The Yomiuri ShimbunDear Troubleshooter:
I’m a man in my late 60s. I’ve been seeing a woman in her early 40s. When I asked her if she would like to marry me, she broached the idea of breaking it off with me.
My wife died after I reached my mandatory retirement age, and I met this new woman when I joined a loss support group because I was struggling with loneliness after my wife’s death. The woman is a staff member there. At first we were just having meals together, but now she sometimes stays over at my house.
Before retiring, I did my part well at a large company. This woman acknowledged that.
She asked her older sister for advice about me, only to be recommended that she end things with me quickly, mainly because she’d just end up having to take care of me in my old age. Lately, the woman has said a number of times, “I want to break up.”
I’m not sure if she was joking, but she has said things like if I had ¥100 million, she’d maybe marry me.
What her sister said was quite right. I know I should give up on her, but this lost out to my loneliness and longing for her, and now we’re back to how we were before I talked about marriage. While knowing I have no right to confine her life to mine, I’m unable to take that final step of ending things.

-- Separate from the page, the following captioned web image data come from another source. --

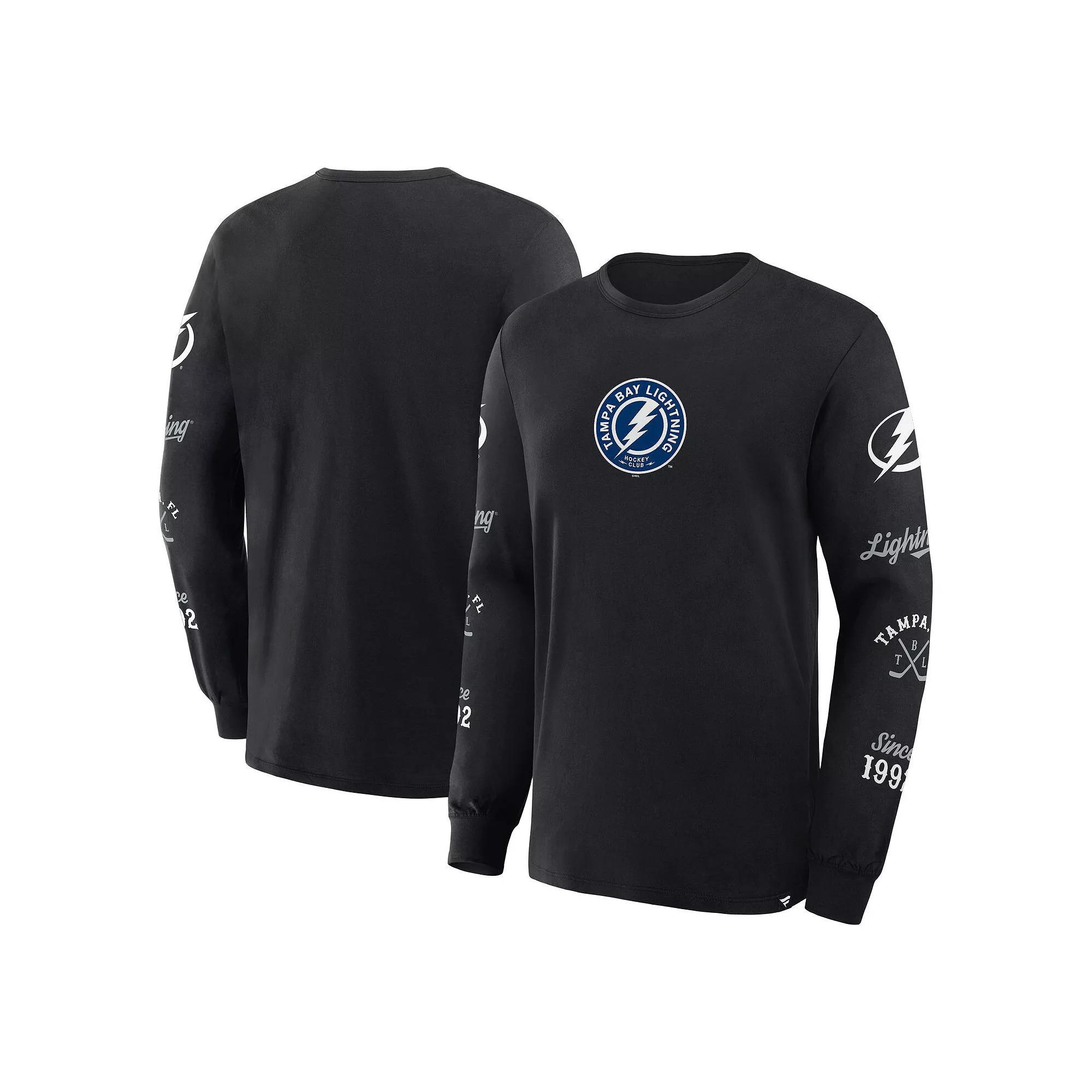 Men's Fanatics Black Tampa Bay Lightning Boxed In Legacy Long Sleeve T-Shirt, Size: Large, Lgh Black Product Image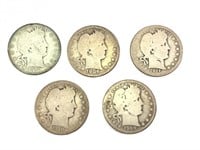 5 Barber Quarters 1906-D 1909-D 1909-S, 1910, 1911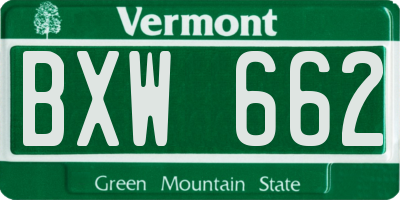 VT license plate BXW662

I have two sons, who are both married and have their own families, but I haven’t asked them for advice about this.
Dear Mr. C:
I wonder what your real motives are for wanting to get married. I think you have the idea somewhere that you can ask her to take care of you in the future, and I think she’s become well aware of that motive.
I don’t think it’s saying too much to state that the love lives of older people have at least some element of calculation — having love for the sake of love is just for younger people.
I think she has realized this fact and therefore brought up the money aspect. You can’t blame her for it, because I think both of you are calculating here.
If you truly want to marry her, I believe the first course of action is seeking the advice of your sons and their families. Marriage involves more people than simply the two of you. I believe you are only thinking of yourself in all of this, and that needs to stop.
It is crucial that you receive the blessing of your sons. Having people around you who are also happy about this is an important element for the remaining years of your life.
This is all what being married means. If you can’t handle it, then I think your only option is to keep things how they are now.